[Data entries]
═══
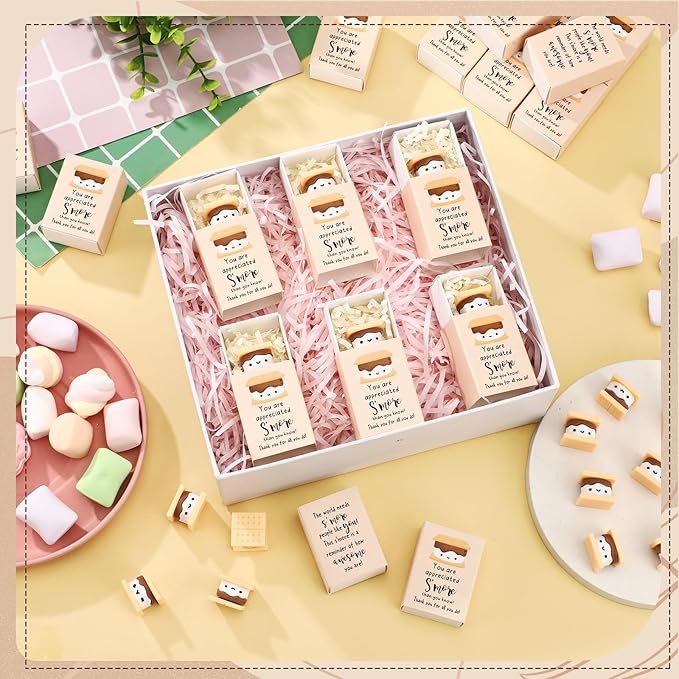 Wettarn 24 Sets S'more Appreciation Gifts Bulk Marshmallow with Box Party Favors Christmas Vet Tech Thank You Gift Rewards for Teacher Employee Nurse Coworkers Staff Team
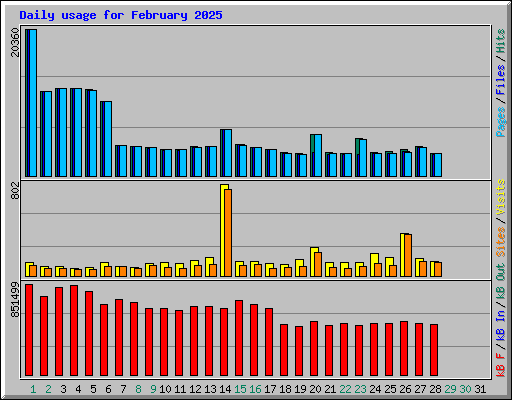 Daily usage for February 2025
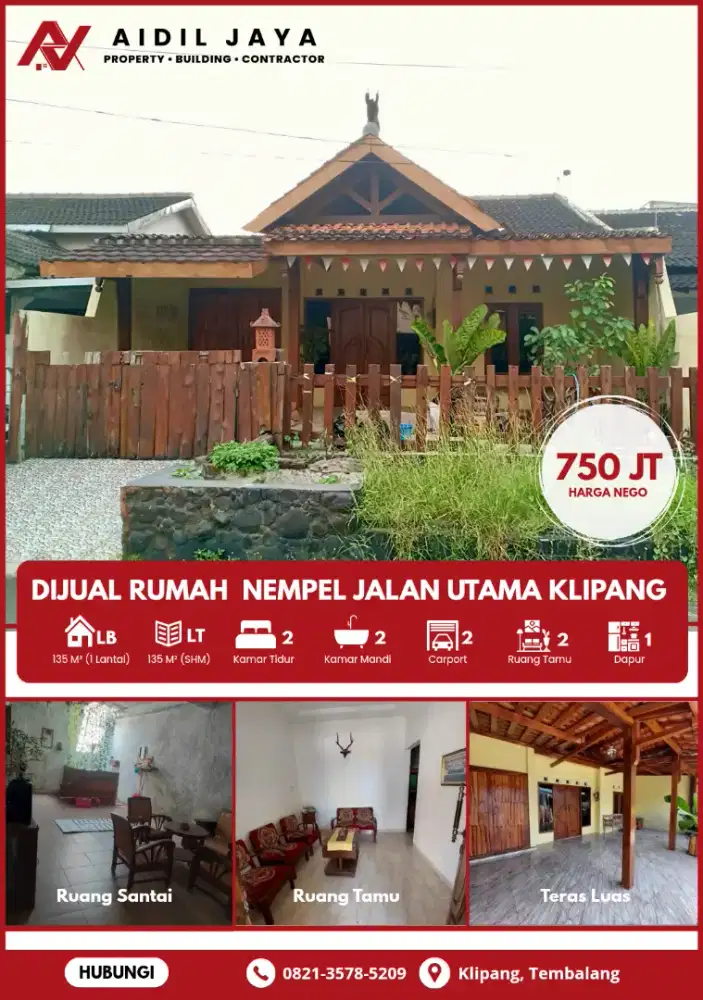 Rumah Siap Huni Nempel Jl. Raya Klipang Tembalang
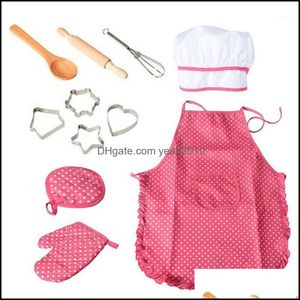 Wholesale chef hats aprons resale online - Aprons Textiles Home Gardenaprons Apron For Little Girls Kids Cooking Baking Set Chef Hat Mi Utensil Toddler Dress Up Costume Role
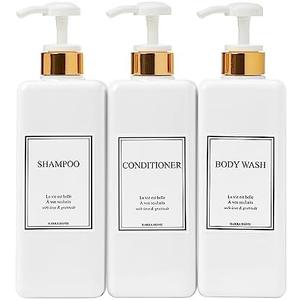HARRA HOME Modern Gold Design Pump Bottle Set 27 oz Refillable Shampoo and Conditioner Dispenser Empty Shower Plastic Bottles with Pump for Bathroom Lotion Body wash Massage Oils, Pack of 3 (White)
═══
§ Task to complete
Output every record verbatim, excluding any picture it contains.

§ Finished exercise
 Wettarn 24 Sets S'more Appreciation Gifts Bulk Marshmallow with Box Party Favors Christmas Vet Tech Thank You Gift Rewards for Teacher Employee Nurse Coworkers Staff Team
 Daily usage for February 2025
 Rumah Siap Huni Nempel Jl. Raya Klipang Tembalang
 Wholesale chef hats aprons resale online - Aprons Textiles Home Gardenaprons Apron For Little Girls Kids Cooking Baking Set Chef Hat Mi Utensil Toddler Dress Up Costume Role
HARRA HOME Modern Gold Design Pump Bottle Set 27 oz Refillable Shampoo and Conditioner Dispenser Empty Shower Plastic Bottles with Pump for Bathroom Lotion Body wash Massage Oils, Pack of 3 (White)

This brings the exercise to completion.